In 2011, China will launch a permanent space station. On August 17, China announced that they had finished constructing the first module and it will now undergo testing. When the space station is launched, it will join the International Space Station in orbit. Under international law, states are allowed to use space but international agreements have created some restrictions.
The Treaty on Principles Governing the Activities of States in the Exploration and Use of Outer Space, including the Moon and Other Celestial Bodies, or by its shorter/friendlier name the Outer Space Treaty, was opened for membership when the the UN General Assembly passed Resolution 2222 in 1966. There are currently 100 state parties to the Treaty (including China, Russia, and the United States) and 27 additional countries have signed but not ratified.

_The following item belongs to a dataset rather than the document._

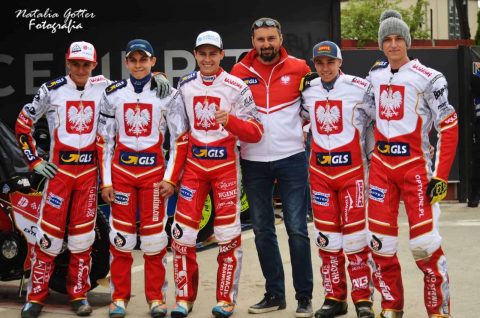 Rafał Dobrucki nowym trenerem kadry seniorów!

Under the Treaty, it was agreed that:
- outer space is not subject to national appropriation by claim of sovereignty, by means of use or occupation, or by any other means;
- states shall not place nuclear weapons or other weapons of mass destruction in orbit or on celestial bodies or station them in outer space in any other manner;
- the Moon and other celestial bodies shall be used exclusively for peaceful purposes;
- astronauts shall be regarded as the envoys of mankind; and
- states shall avoid harmful contamination of space and celestial bodies.
By meeting the requirements of the Treaty, a country, such as China, can launch their own space station.
At the stalled Conference on Disarmament, the future of space arms control agreements continues to be a topic during speeches. In 2008, Russia and China proposed a new treaty that would ban weapons from space. With the new National Space Policy that the Obama administration released on June 28, 2010, the United States has indicated a willingness to consider space arms control treaties that are “equitable, effectively verifiable, and enhance the national security of the United States and its allies.”